UN Women Executive Director addresses UNESCO Member States at Mobile Learning Week
Date: Tuesday, February 24, 2015
Let me first thank the Director General for giving us the opportunity to collaborate in this very important partnership.
It gives me great pleasure to be here. It is my first official visit to United Nations Educational, Scientific and Cultural Organization (UNESCO) in this capacity.
We are in the middle of some extremely important processes that will greatly influence the progress of the global work on education – in which UNESCO plays the lead role– and in using education to empower women and girls.
It is 20 years after the Beijing Declaration and Platform for Action was adopted and we must re-energize and re-focus our attention on the key issues. In 2015 we will adopt new priorities, also in education, and this makes our partnership with UNESCO critical.
Education is as close as we get to a silver bullet to empower women and girls.
In a little over a year, the partnership has strengthened between our two institutions. We have worked together on a number of events and activities to draw attention to, and to stimulate action on the inextricable link between education and gender equality and the empowerment of women and girls.
I believe this is the kind of partnership that our Executive Board wanted when it requested UN Women in its decision 2011/3 to emphasize the importance of education in our work and as a direct way to impact the lives of women and girls.
Mobile Learning Week is the first of several partnership activities this year. UN Women is privileged to co-organise Mobile Learning Week with UNESCO in 2015 – the biggest Mobile Learning Week so far. Together we are placing the empowerment of women and girls through education and Information and Communication Technology (ICT) firmly on the agenda. This is crucial in the fight against gender discrimination and for women’s full enjoyment of their rights.
In March, during the Commission on the Status of Women (CSW), we will launch a Joint Programme together with UNESCO, United Nations Population Fund (UNFPA) and with the World Bank.
In May UN Women will join UNESCO, other UN entities and The World Bank as a co-convenor of the World Education Forum in Incheon, the Republic of Korea, where the very important post-2015 education agenda will be agreed upon to address short-comings and persistent challenges in the global drive for Education for All.
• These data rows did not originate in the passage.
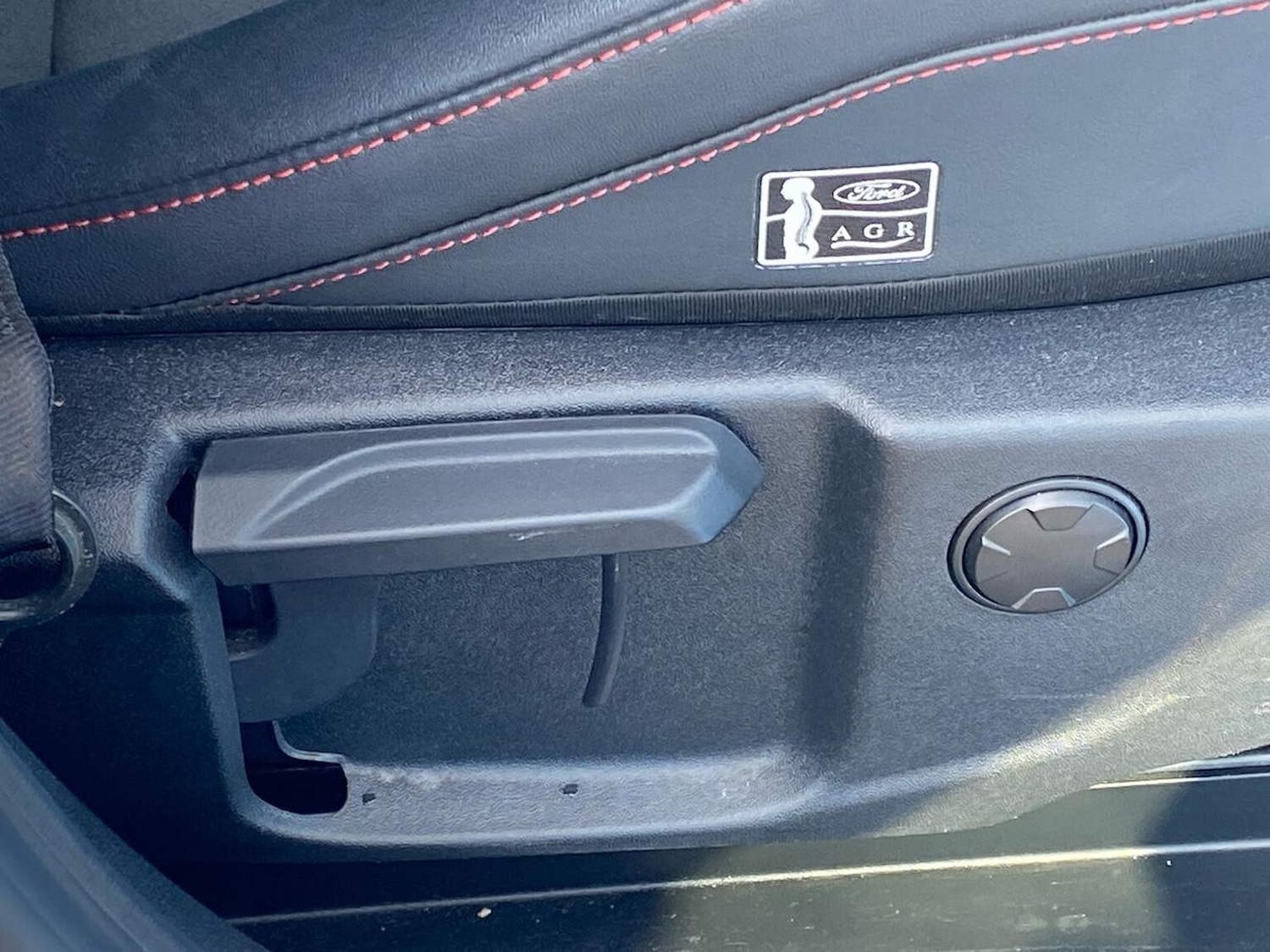 Used Ford Puma 2023 for sale - 78053563: Photo 30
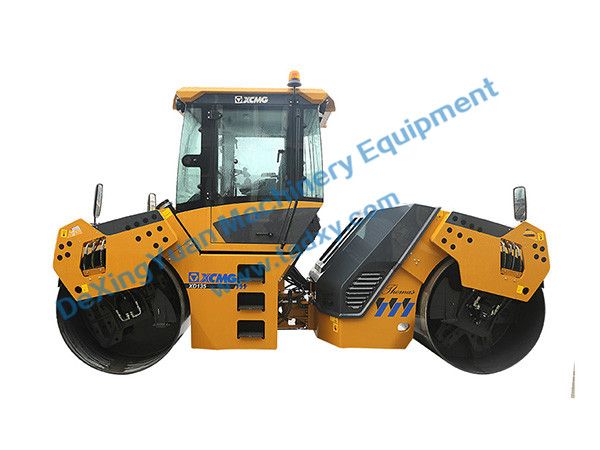 �c(di��n)���鿴Ԕ��(x��)��Ϣ��(bi��o)�}��XD135 ��x�Δ�(sh��)��1322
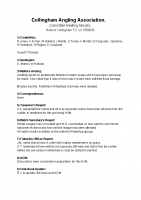 Minutes 19 03 24 plus whatapp
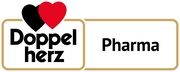DoppelherzPharma Logo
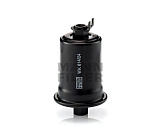 Фильтр топливный MANN WK614/26X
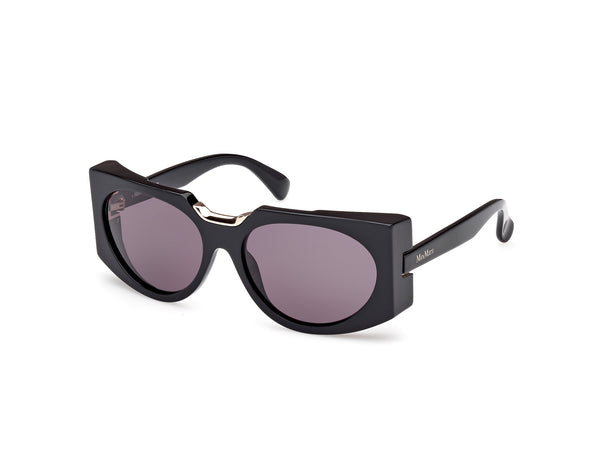 MAXMARA MM0123 SPARK5 01A 59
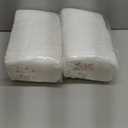 Huggies Size 4 Baby Diapers, Little Movers HuggFit 360 Baby Diapers with 360 Waistband, Size 4 (22-37 lbs), 64 Count, Packaging May Vary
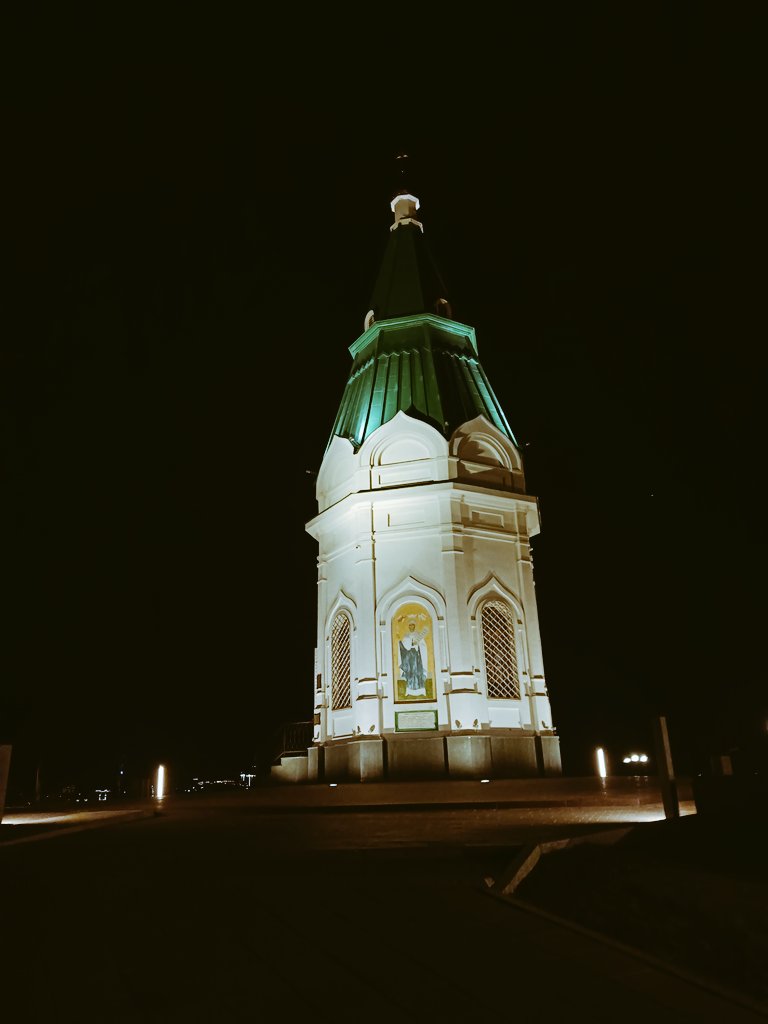 i_am_is_dolbaeb's tweet photo. Приехали 10 минут постояли, замёрзли и уехали, зато красиво
#pboto https://t.co/eT570YocNb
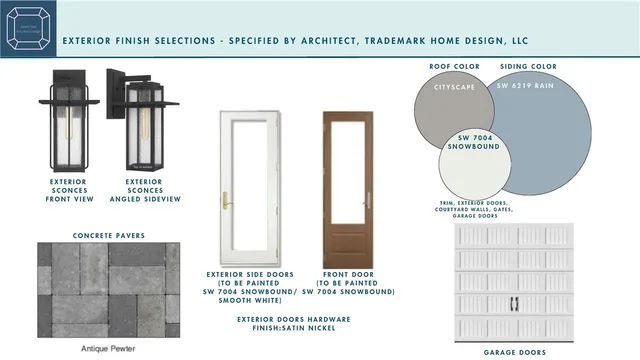 $2,495,000 | 312 Tailwind Drive, Port Aransas, TX 78373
These events take place at a crucial point of time. This year we mark the 20th anniversary of the adoption of the Beijing Declaration and Platform for Action, which identified education and training for women as a critical area of concern for achieving the goals of equality, development and peace.
It is time to make a concerted push together with partners like UNESCO and other stakeholders towards addressing this critical area.
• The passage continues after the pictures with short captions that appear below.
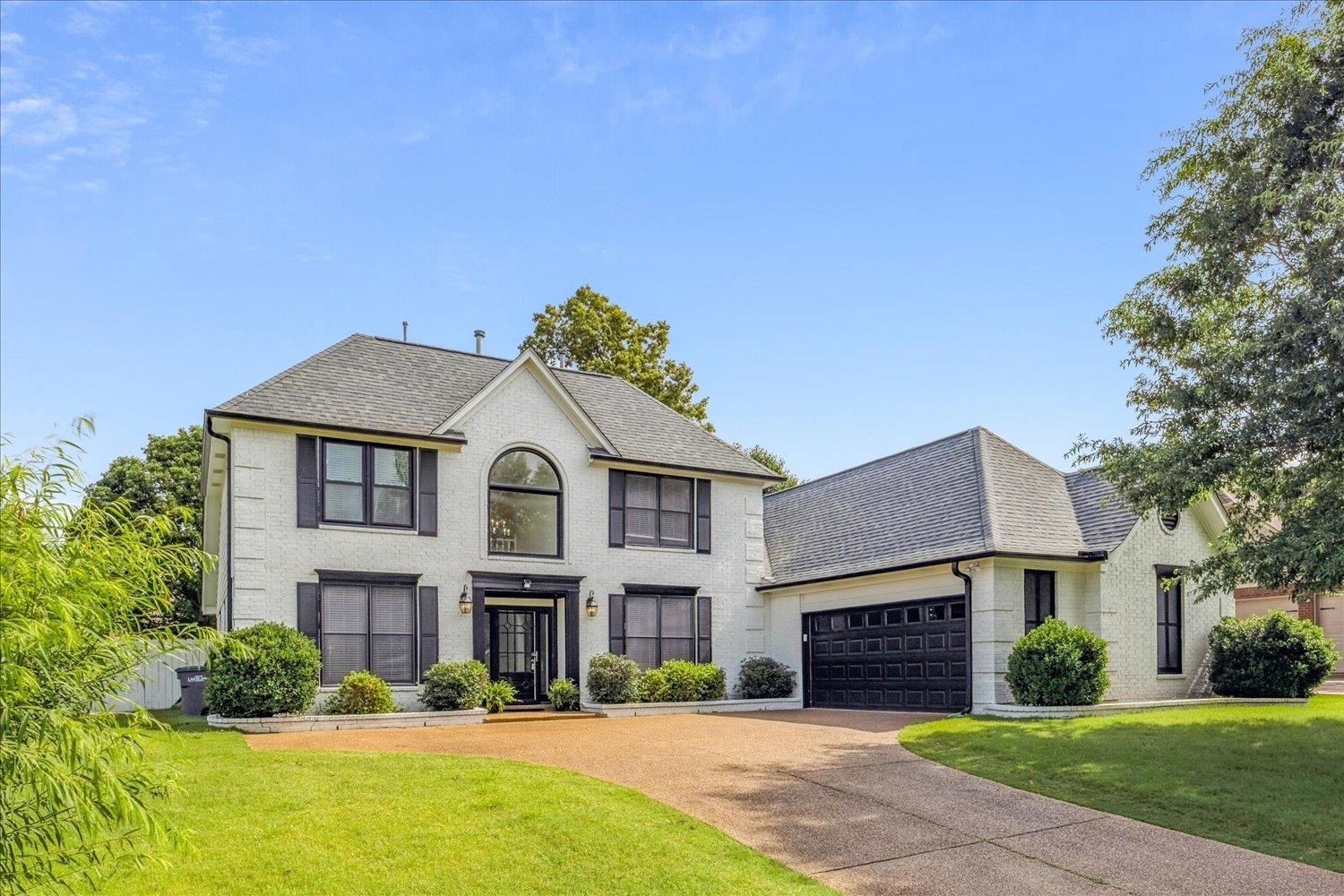 Lakeland, Tennessee, 38002, United States, 5 Bedrooms Bedrooms, ,3 BathroomsBathrooms,Residential,For Sale,1866419
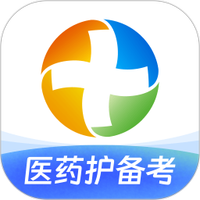 润德教育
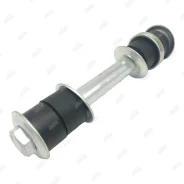 ���� ������������� Jikiu LS23021 LS23021 ����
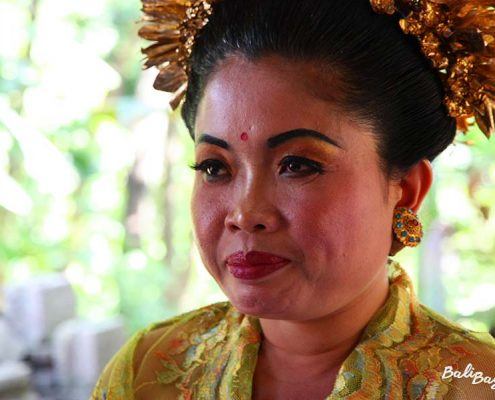 Sposa Bali Sposa Bali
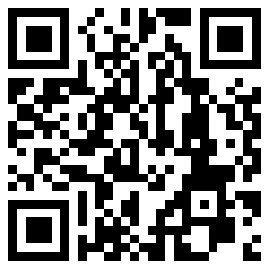 QR Code for this page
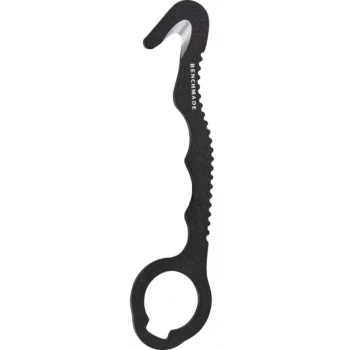 Стропорез Benchmade 8BLKW Strap Cutter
Although much progress has been made in the last 15 years towards gender equality in education, we still have a long way to go. Gender parity has not been achieved in a single country. Gender gaps in secondary school enrollment remain largely unchanged since the 1990s. Two-thirds of the world’s illiterate adults are women.
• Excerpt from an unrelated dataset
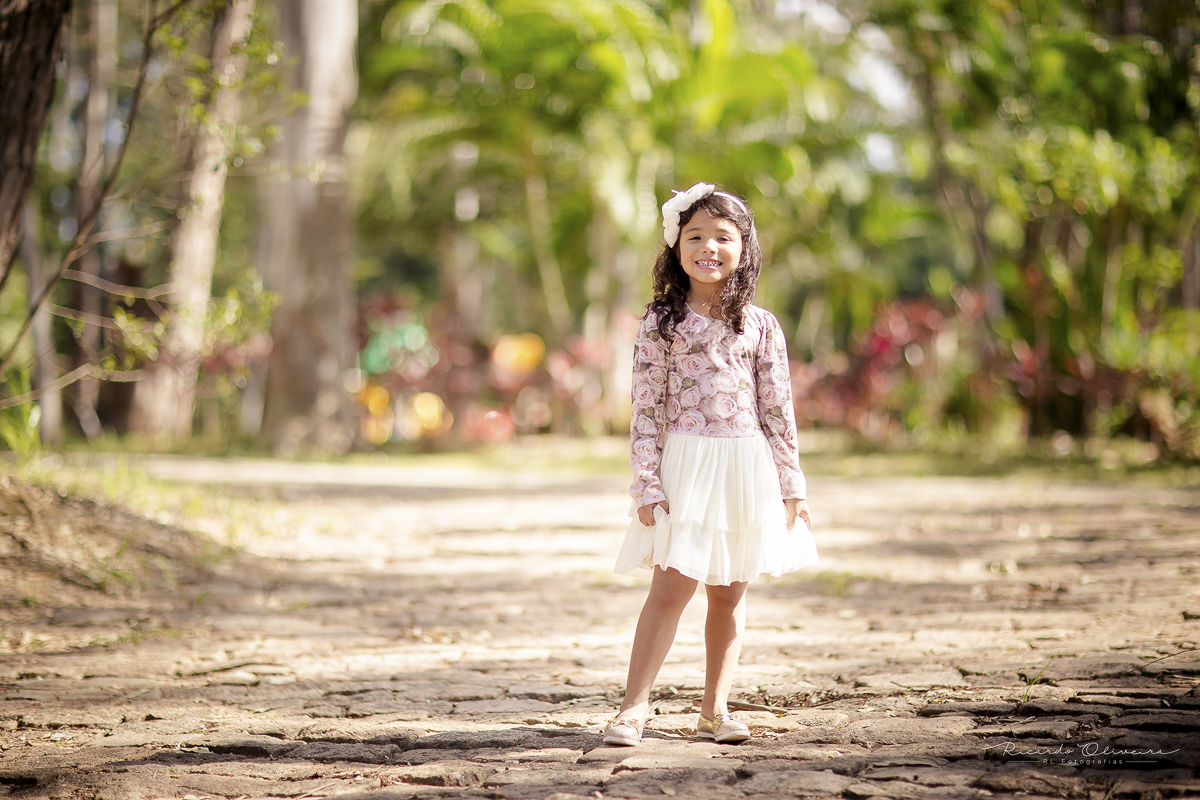 ricardo oliveira rosa, fotografo sorocaba, ricardo oliveira, book fotográfico, fotografias sorocaba, sorocaba, rl fotografias, aniversario sorocaba, niver, aniversário infantil, fotografo de aniversario, fotografo de aniversário sp, f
Progress in women’s political participation has been slow and for women’s economic empowerment it is estimated that it will take 80 years to fight the gender gap. The solution is: education, education, education.
Clearly much more needs to be done for women and girls to address the persistent gender gaps in education. This years’ World Education Forum provides an opportunity to do so and so does the post-2015 development framework, including a new set of Sustainable Development Goals (SDGs) and targets for the next 15 years.
UN Women is advocating strongly that the new post-2015 sustainable development agenda recognizes that gender equality and the empowerment of women and girls are essential for the achievement of sustainable development and for building peaceful, just and equal societies.
The elimination of gender inequalities, including in education, is therefore a prerequisite for a sustainable transformative development agenda that will leave no one behind. Gender equality is a precondition for sustainable development.
And this leads me to another area of collaboration with UNESCO.
UNFPA is also a partner in the Joint Programme for the Empowerment of Adolescent Girls and Young Women through Education – which aims to strengthen the nexus between education, health, gender equality and empowerment.
Our overall goal with the joint programme is to promote gender equality and ensure that girls and women take full charge of their own lives and actively participate in the development of their communities and countries, as both beneficiaries of and agents of change.
We will focus on adolescent girls who, no longer girls and not yet women, often fall outside other programmes and initiatives.
We want to strengthen both the relevance and quality of education for adolescent girls and young women with the use of appropriate and innovative technology.
By linking health, education and other relevant sectors and creating an enabling environment we want to create new or second chances for young women who have left school or are at risk of leaving school. We want to support the transition from education to meaningful and fulfilling employment. In addition we want to change the entrenched stereotypes that lead to discrimination against women and girls.
In partnership with UNESCO, UNFPA and The World Bank we will apply our expertise and experience to this programme with the aim of creating an empowerment model for young women that can be scaled up and implemented in different national contexts. When girls graduate they open doors for themselves and for their communities.
We have partnered with UNESCO on Mobile Learning Week and on the joint partnership because we feel the urgency and need to achieve far-reaching results in education for by women and girls, men and boys everywhere in the world.
We look forward to hearing your views and suggestions on this new initiative – and especially how we can secure some financial support for it.